I don't understand. I'm cragwolf and you're Artman. Spend a bit of time with me, and you'll know who I am. Science (e.g. evolution) also tells us how we relate to the world around us. What exactly do you mean by "who we are"?

How does art elevate humanity?

One way is by exposing and opposing injustice that hold humanity down.

I don't doubt that artists attempt to do more than entertain. But how effective are they at doing anything else? Compared to reporting, protesting, lobbying, and suing, art is a long way behind in its effectiveness at exposing and correcting injustice. I think I have to agree with the actress Elisabeth, a character in Ingmar Bergman's film, Persona, who in the face of the terrible injustices of the world, which, she realizes, her art is powerless to stop, chooses silence.

Thanks for your responses.
 
  • #32
I must be some sort of freak. (wouldn't surprise me) I will make a soul baring confession, I feel nothing when I view art, it is either "a pretty picture, or "an ugly picture"

I see no meaning in art, I feel no emotion. I cannot relate to people that do. I think it is wonderful that people can feel so moved by art & I realize that I must be lacking something. I wonder though, can you imagine yourself in my place?

Funny, I am a gifted portrait artist, but I merely can create precise photo like replicas of what I see.

I always felt bad when I was younger and people would ask me what book or what movie had the most impact on my life. NONE. I read a LOT and have read the classics and again, it's either "good book" or "bad book". Same with movies, I like some, dislike some, no significance.

Music, I love music, dislike some music, I am very musical, I make up songs all the time, again, no special feelings about it though.
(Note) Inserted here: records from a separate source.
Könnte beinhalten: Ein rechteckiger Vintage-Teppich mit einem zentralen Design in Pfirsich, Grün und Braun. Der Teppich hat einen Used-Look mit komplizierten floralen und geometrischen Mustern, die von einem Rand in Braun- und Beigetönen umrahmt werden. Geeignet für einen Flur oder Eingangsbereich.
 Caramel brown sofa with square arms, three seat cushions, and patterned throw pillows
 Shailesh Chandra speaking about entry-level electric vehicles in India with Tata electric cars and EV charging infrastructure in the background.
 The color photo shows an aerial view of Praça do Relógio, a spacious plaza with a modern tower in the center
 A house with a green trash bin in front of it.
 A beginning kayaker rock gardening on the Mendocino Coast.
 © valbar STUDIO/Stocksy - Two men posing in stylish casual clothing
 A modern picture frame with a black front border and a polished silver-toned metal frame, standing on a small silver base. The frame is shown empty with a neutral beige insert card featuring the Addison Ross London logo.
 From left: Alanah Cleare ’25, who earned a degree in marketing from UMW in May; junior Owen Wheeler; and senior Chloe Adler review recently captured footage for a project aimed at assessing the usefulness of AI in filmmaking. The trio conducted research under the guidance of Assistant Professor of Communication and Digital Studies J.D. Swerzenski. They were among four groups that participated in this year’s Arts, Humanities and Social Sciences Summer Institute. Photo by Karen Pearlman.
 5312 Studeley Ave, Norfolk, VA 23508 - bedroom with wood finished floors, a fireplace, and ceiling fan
I am a very passionate, feeling, caring person in "real" life.

Is there anyone else out there that understands not feeling emotions from "objects", which to me is what art, literature, and film are.
 
  • #33
You were merely born without an art lobe. No biggy. It happens.
 
  • #34
zoobyshoe said:
You were merely born without an art lobe. No biggy. It happens.
Is that it? :smile:

It's odd going through life unable to relate to what everyone else seems to be experiencing.
 
  • #35
I can only relate to what you say on that level: imagining being completely different than everyone else around. I can't imaging not having emotional responses to paintings or sculpture or books or movies.

The strange thing is, though, I know you like music from a thread where you and Tsunami compared favorites. How is it music was spared?